## Data
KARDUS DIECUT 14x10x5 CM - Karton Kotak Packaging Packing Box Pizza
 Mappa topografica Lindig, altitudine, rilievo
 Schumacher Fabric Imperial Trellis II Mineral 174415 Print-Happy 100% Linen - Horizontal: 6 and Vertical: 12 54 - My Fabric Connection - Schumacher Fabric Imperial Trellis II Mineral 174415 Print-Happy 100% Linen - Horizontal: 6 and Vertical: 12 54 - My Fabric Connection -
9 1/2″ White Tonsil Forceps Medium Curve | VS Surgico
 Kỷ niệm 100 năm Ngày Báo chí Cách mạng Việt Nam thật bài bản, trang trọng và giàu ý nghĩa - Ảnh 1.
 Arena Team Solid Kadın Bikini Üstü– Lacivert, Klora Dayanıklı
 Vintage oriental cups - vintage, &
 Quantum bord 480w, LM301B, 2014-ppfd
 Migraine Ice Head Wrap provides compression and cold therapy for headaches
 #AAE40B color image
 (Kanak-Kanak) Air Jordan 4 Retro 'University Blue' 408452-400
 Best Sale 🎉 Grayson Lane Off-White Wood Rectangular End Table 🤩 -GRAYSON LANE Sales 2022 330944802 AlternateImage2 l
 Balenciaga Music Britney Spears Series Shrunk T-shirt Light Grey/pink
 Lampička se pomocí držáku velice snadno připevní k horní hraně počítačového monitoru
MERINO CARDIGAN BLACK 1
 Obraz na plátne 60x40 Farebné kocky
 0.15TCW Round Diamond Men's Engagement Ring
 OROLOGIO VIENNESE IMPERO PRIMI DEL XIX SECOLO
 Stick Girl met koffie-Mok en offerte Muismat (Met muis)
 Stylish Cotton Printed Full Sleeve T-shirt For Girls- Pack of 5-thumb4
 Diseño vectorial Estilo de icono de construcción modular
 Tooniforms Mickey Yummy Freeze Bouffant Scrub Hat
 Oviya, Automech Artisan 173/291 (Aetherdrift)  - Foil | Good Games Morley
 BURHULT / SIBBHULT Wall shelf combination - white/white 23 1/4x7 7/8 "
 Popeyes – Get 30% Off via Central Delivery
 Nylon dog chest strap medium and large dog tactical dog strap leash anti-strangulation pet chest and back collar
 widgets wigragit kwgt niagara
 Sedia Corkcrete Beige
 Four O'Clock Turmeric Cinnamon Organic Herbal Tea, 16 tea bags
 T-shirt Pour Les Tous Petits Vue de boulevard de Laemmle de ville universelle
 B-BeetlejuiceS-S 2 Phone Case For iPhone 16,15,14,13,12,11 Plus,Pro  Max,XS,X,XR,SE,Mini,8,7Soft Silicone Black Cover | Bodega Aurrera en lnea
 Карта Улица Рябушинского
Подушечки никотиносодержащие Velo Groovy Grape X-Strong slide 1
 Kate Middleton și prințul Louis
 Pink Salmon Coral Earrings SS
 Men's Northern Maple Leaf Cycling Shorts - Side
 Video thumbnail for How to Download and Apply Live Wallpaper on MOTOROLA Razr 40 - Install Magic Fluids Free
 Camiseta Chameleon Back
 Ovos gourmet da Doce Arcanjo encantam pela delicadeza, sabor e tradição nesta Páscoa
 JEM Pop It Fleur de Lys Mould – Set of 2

## What is required
Take every line from the records that holds "shirt" and copy it down.

## Output for this exercise
 Balenciaga Music Britney Spears Series Shrunk T-shirt Light Grey/pink
 Stylish Cotton Printed Full Sleeve T-shirt For Girls- Pack of 5-thumb4
 T-shirt Pour Les Tous Petits Vue de boulevard de Laemmle de ville universelle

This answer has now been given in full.